His death a day later froze him in time as a symbol of that era. For many American liberals, especially after that year’s election culminated in the victory of Richard Nixon, he also became a symbol of not just a better past, but also a better future that might have been. Lost in the aftermath of his death and the tumultuous events of the rest of 1968, is the matter of just how liberal Robert Kennedy really was.

The historical record, in fact, is clear: until 1963, at least, liberalism was not Kennedy’s primary characteristic. He had been born in 1925, on the leading edge of the Silent Generation. Like so many men born in that year, he had gone into the wartime military, but too late actually to reach combat. During the 1950s and early 1960s he seemed determined to prove that he was as tough as any of the next older generation, including his two older brothers, each of whom had distinguished himself, and one of whom had died, in combat. As counsel to the Senate Rackets Committee, he brought mobsters and labor bosses to Washington to embarrass them in public, and began his long and eventually successful campaign to put Teamster boss Jimmy Hoffa behind bars.
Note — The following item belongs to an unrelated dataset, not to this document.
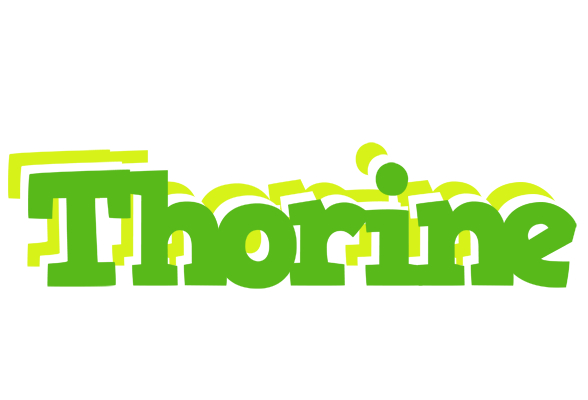 Thorine picnic logo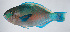  ( - PI-0272)  @11 [ ] CreativeCommons  Attribution Non-Commercial (by-nc) (2011) Unspecified Smithsonian Institution National Museum of Natural History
Managing his brother’s campaign in 1960, he ruthlessly warned delegates about the consequences of not endorsing JFK quickly enough.

As he freely admitted in oral histories he did in 1964-5, his attacks on unions helped JFK secure some support from southern Democratic governments, for whom union organizers ranked second only to civil rights workers as dangerous outside agitators.

When his brother appointed him Attorney General, his top priority was a concerted attack on organized crime, and in April he had immigration agents kidnap New Orleans mobster Carlos Marcello, an undocumented immigrant, and fly him out of the country to Guatemala. (Marcello returned and, as I argued in my book The Road to Dallas, was connected through the mob to the assassination of President Kennedy.) When that same spring the first civil rights crisis of the Kennedy Administration began, as the Freedom Riders made their way south, RFK asked the organizers to halt the rides because they would embarrass the President while he traveled in Europe.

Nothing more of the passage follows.